I've covered the dealing of video poker hands a few times. You'll get four hits if you search for "parallel" in the search box on any of my article pages.
You're right that I did not include serial dealing in my answer. Because the author of the question specifically mentioned parallel dealing in the question and because the question was about choosing 10 cards on the draw versus five, I left out serial drawing because it wasn't really relevant to the answer.
The definitive answer on video poker dealing is this: The electronic deck is being continuously shuffled. Five cards are chosen at random when you hit the Deal button. The electronic deck is still being shuffled while you make your hold/discard decisions. The cards needed to replace any discards are chosen when you hit the Deal button. Nevada gaming regulations require this method of dealing.
My note about sequential royals only counting from left to right in my 8/27/14 column was in reference to the calculations I was providing from the Wizard of Odds. The calculations assume that the sequential royal has to be left to right.
Perhaps you're familiar with a different machine. On his site the Wizard wrote, "A 'sequential royal' is only one way, from 10 to ace going from left to right. There is another game called 'Reversible Royals', which goes both ways, however that game I have yet to analyze." I remember seeing Reversible Royals in Atlantic City many, many years ago, but I haven't seen a sequential royal machine in years.
There's one sure way to determine whether sequential royals can go in both directions -- check the paytable. Even if the answer is not on the glass, the paytable screens have to explicitly describe all the ways to win.
Finally, here's hoping you get better paytables. Unfortunately, I think the trend is distinctly down for video poker long-term paybacks.
The Washington State Gambling Commission's website (www.wsgc.wa.gov)used to have a very good description of how the machines in the state work, but the page was removed a year or so ago. In any case, you're correct. The result of a spin in Washington State is determined by a central computer. When you hit the Spin button, the central computer conceptually chooses a scratch-off ticket from the pool of electronic tickets remaining and uses its electronic quarter to scratch-off the coating to reveal your result. The central system then sends the results to your machine. When the central computer runs out of tickets in the pool, it unwraps a new packet of tickets and starts over.

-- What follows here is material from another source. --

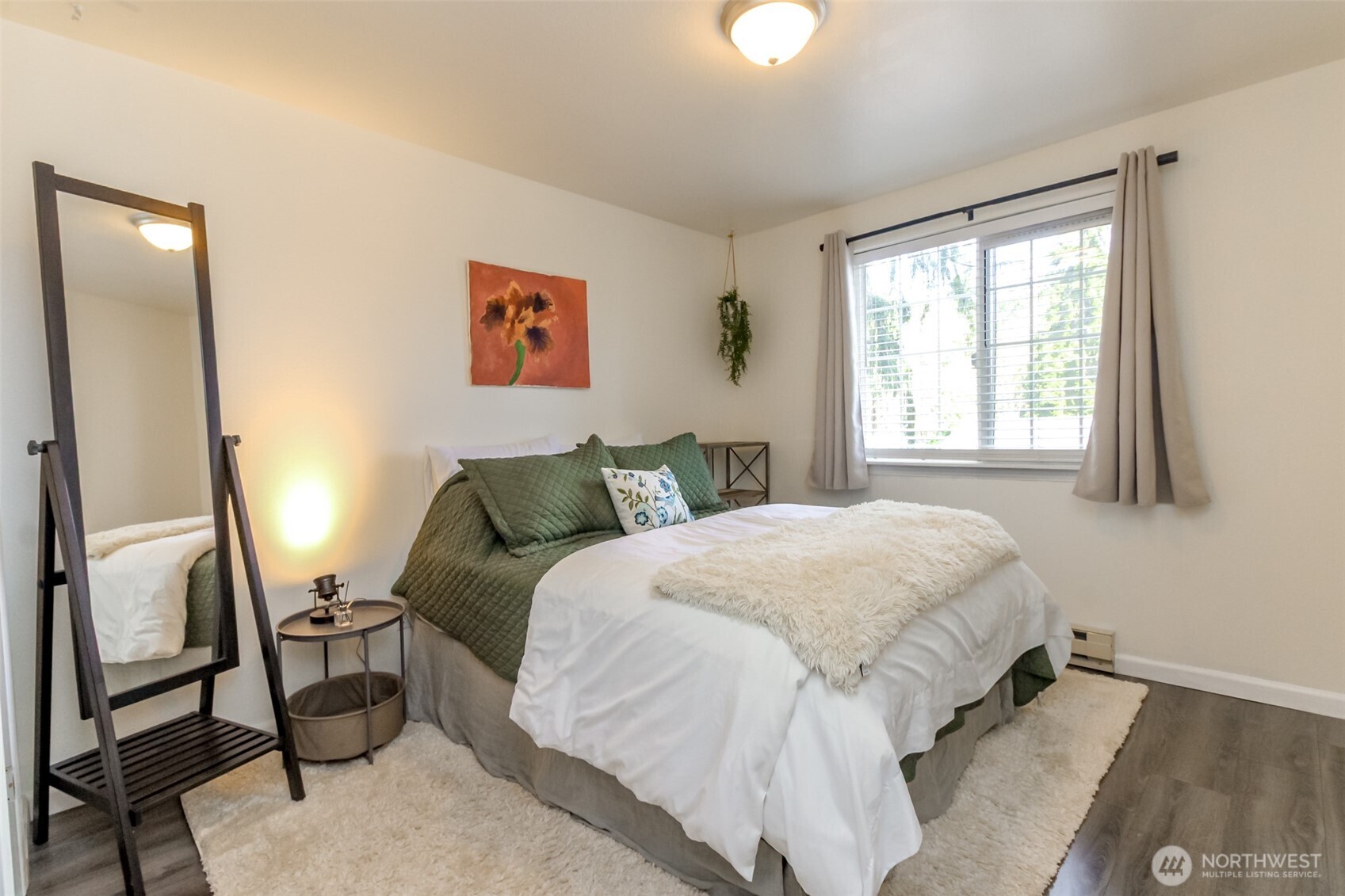 22810 30th Avenue S #C203, Des Moines, WA 98198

According to a FAQ sheet on the Washington Recreational Gaming Association's website, "In principle, there is no difference between sitting at a slot-style machine and repeatedly buying scratch tickets at a convenience store counter...."
Why do tribes in Washington and other states have to forego relatively simple RNG-based machines (Class III) and go through the machinations of Class II, in which a central system imitates a bingo drawing or scrach-off ticket pool? Because politicians wrote the Indian Gaming Regulatory Act.

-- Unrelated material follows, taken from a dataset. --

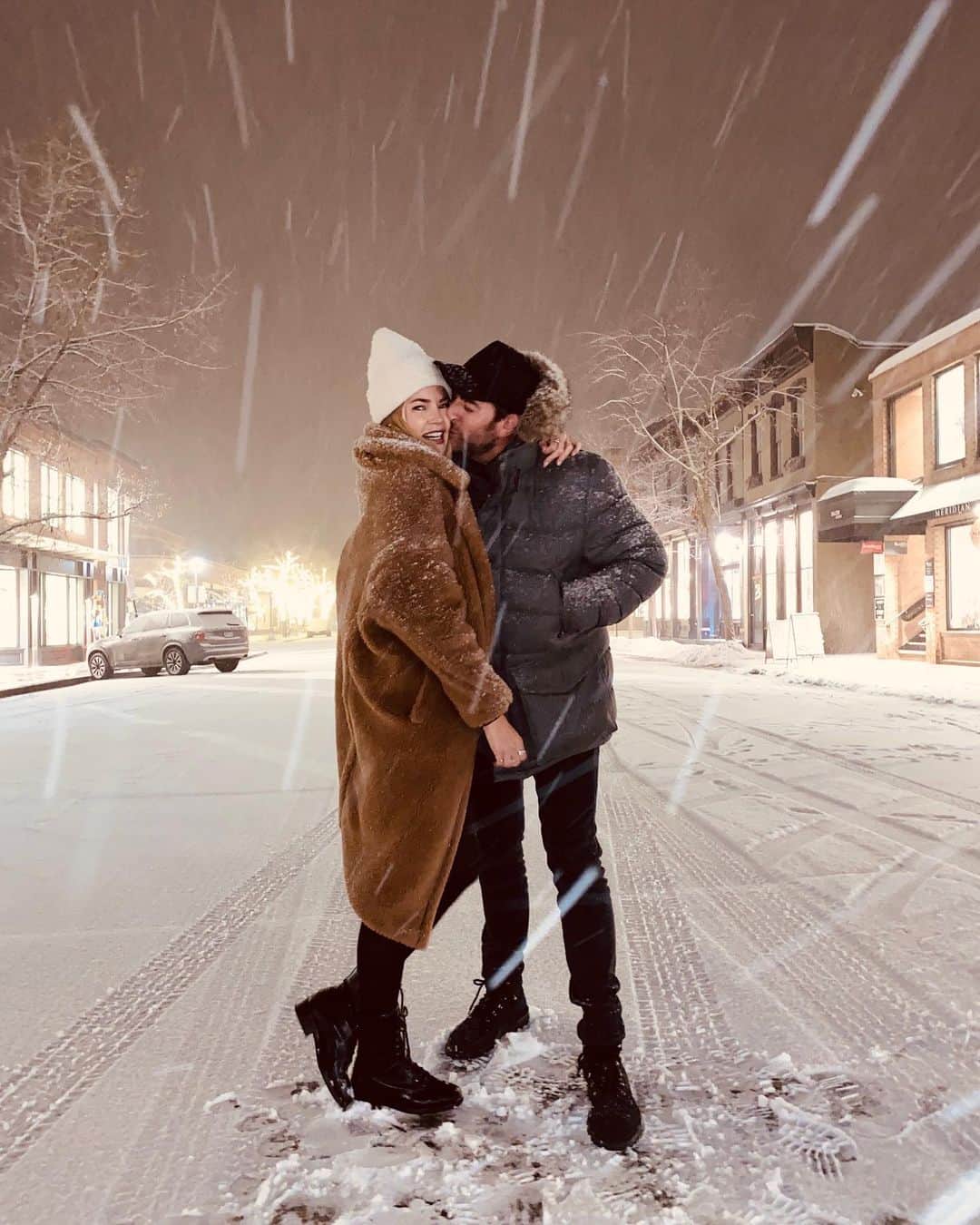 トリ・プラバーのインスタグラム：「This guy🤍 @markbirnbaum  My forever and ever Valentine」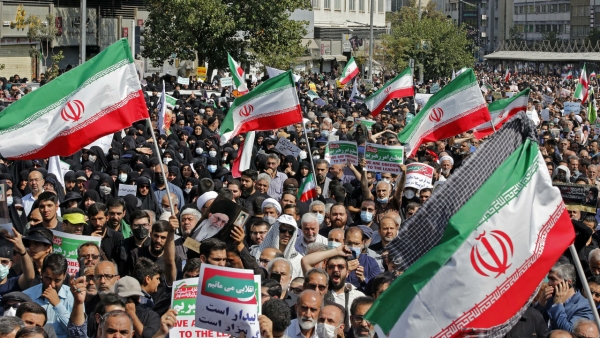 طهران: ارتفاع حصيلة قتلى مظاهرات إيران إلى 41 شخصا ورئيسي يتوعد بـ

Native American tribes can offer bingo and scratch-off tickets and other Class II games if those games are permitted by their states for any purpose. To offer Class III gaming, tribes must negotiate a compact with its state. According to the Wikipedia page for the Indian Gaming Regulatory Act, restricting the tribes from offering Class III gaming was a compromise resulting from concerns about casino-style gaming. As if gambling on a bingo drawing is somehow purer than gambling on a Las Vegas-style slot machine.
Actually, the concern wasn't for purity of the players, but for crime. States were concerned that all the cash flowing back-and-forth in casino-style gambling would attract criminals, so they wanted stricter regulations on those games.
With one exception, it doesn't matter whether your 92% long-term payback machine has an RNG or gets its results from a central system. The long-term payback is the same with either method.
The one exception is video poker. Because a central system has already determined the result of your play, strategy is useless on a Class II video poker machine.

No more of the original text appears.